Il glossario meteo di Meteo Lazio raccoglie le principali definizioni e classificazioni utilizzate in meteorologia, con l’obiettivo di rendere più semplice la lettura di previsioni, bollettini, mappe e dati osservativi. Termini come vento moderato, rovescio, nubifragio, cielo nuvoloso o mare mosso hanno un significato preciso e vengono associati a valori misurabili.

In questa sezione sono disponibili alcune delle scale più utilizzate per descrivere i fenomeni atmosferici e marini, tra cui la scala di Beaufort per il vento, la classificazione delle precipitazioni, la copertura nuvolosa in ottavi e la scala Douglas per lo stato del mare.

Conoscere questi riferimenti permette di interpretare meglio le previsioni meteo, i comunicati di allerta e le analisi meteorologiche. Il glossario è pensato sia per gli appassionati sia per chi vuole comprendere in modo più chiaro il linguaggio utilizzato nei bollettini e negli aggiornamenti meteo.
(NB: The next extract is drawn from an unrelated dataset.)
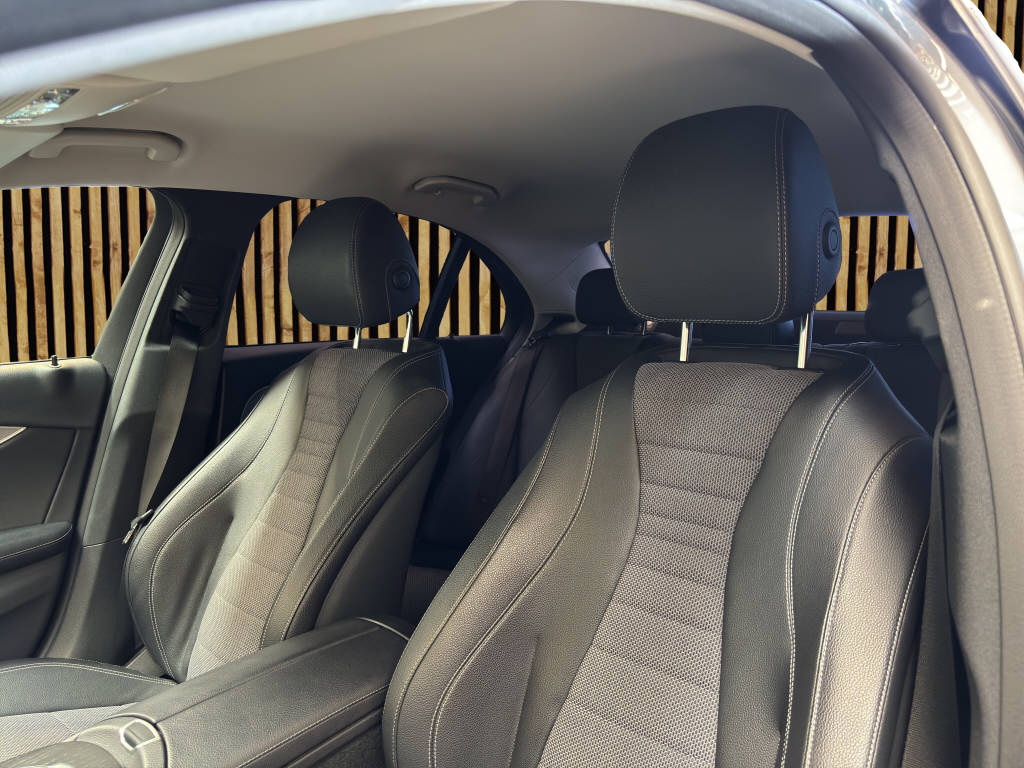 MERCEDES-BENZ E 220 d-image-13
Classificazione del vento – scala di Beaufort

La scala Beaufort è il sistema più utilizzato per classificare l’intensità del vento in base alla sua velocità e agli effetti osservabili sull’ambiente. Viene impiegata soprattutto in meteorologia marina, ma è utile anche sulla terraferma per descrivere condizioni come brezza, vento moderato, vento forte, burrasca o tempesta.

La classificazione del vento viene espressa attraverso gradi da 0 a 12: il grado 0 indica calma di vento, mentre il grado 12 corrisponde a vento con forza di uragano. I valori riportati in tabella si riferiscono alla velocità media del vento e non alle singole raffiche, che possono risultare anche molto più intense rispetto al vento medio.

Conoscere la scala Beaufort permette di interpretare meglio bollettini meteo, avvisi per vento forte, previsioni marine e dati rilevati dalle stazioni meteorologiche. In particolare, dal grado 6 in poi il vento può iniziare a creare disagi sensibili, mentre dai gradi 8-9 si parla di burrasca e possono verificarsi danni o criticità localizzate.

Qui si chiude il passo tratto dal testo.